Microstructural development in Al/MgAl2O4 in situ metal matrix composite using value-added silica sources

Abstract

Al/MgAl2O4 in situ metal matrix composites have been synthesized using value-added silica sources (microsilica and rice husk ash) containing similar to 97% SiO2 in Al-5 wt.% Mg alloy. The thermodynamics and kinetics of MgAl2O4 formation are discussed in detail. The MgO and MgAl2O4 phases were found to dominate in microsilica (MS) and rice husk ash (RHA) value-added composites, respectively, during the initial stage of holding the composites at 750 degrees C. A transition phase between MgO and MgAl2O4 was detected by the scanning electron microscopy and energy-dispersive spectroscopy (SEM-EDS) analysis of the particles extracted from the composite using 25% NaOH solution.

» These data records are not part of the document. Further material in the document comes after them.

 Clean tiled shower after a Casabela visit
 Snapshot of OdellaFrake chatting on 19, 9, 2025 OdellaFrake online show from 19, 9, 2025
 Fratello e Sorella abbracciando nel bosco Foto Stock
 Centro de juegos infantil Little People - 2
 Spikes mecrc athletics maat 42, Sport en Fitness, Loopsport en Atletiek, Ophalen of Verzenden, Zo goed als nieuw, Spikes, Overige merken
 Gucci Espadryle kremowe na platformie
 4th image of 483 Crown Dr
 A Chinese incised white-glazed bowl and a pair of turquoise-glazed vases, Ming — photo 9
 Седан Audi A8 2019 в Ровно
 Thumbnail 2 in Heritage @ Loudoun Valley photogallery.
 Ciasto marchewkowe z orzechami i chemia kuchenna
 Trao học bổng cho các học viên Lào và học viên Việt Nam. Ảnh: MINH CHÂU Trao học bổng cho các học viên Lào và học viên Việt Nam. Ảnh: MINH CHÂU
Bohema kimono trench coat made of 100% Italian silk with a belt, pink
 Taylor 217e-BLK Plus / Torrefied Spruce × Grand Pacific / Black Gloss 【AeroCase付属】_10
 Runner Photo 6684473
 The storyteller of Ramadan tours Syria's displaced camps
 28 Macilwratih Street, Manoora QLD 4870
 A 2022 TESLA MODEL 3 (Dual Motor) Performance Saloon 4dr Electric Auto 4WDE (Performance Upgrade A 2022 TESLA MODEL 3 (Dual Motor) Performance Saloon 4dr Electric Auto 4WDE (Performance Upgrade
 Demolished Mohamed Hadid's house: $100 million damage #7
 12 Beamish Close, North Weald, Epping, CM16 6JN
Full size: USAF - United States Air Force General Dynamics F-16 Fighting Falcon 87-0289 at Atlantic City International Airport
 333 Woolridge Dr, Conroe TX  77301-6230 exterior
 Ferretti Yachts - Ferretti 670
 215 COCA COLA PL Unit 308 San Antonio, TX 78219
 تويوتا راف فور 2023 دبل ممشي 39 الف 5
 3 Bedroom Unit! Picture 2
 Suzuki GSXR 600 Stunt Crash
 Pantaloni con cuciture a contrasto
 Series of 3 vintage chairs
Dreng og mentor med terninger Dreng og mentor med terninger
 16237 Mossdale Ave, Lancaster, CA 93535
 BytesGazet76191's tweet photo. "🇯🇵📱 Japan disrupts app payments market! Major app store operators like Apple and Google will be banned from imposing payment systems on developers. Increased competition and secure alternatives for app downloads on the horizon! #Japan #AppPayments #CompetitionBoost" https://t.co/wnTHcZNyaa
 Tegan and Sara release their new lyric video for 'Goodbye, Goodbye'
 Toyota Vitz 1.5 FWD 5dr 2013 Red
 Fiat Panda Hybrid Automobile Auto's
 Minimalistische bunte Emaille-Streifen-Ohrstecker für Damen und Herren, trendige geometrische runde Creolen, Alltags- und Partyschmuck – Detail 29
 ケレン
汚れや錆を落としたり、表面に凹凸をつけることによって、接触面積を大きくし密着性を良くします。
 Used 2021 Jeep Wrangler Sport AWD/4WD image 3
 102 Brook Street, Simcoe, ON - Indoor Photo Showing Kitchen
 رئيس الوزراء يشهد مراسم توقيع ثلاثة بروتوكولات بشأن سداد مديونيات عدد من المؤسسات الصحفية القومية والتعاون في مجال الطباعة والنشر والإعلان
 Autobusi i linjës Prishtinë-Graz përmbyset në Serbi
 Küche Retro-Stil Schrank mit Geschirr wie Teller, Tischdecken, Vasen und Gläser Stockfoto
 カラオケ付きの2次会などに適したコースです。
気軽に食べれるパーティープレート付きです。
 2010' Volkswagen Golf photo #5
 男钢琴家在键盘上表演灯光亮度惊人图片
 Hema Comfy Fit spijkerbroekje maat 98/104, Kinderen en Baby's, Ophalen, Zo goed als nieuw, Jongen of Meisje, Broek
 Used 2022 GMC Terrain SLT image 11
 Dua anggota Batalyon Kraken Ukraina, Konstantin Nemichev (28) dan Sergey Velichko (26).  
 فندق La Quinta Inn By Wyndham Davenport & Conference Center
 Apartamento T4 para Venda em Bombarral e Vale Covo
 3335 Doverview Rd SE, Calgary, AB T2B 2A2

This confirms that MgO is gradually transformed to MgAl2O4 by the reaction 3SiO(2(s)) + 2MgO((s)) + 4Al((1)) -> 2MgAl(2)O(4(s)) + 3Si((1)). The stoichiometry of MgAl2O4, n, computed by a new methodology is between 0.79 and 1.18. The reaction between the silica sources and the molten metal stopped after 55% of the silica source was consumed. A gradual increase in mean MgAl2O4 crystallite size, D, from 24 to 36 nm was observed in the samples held for 10 h.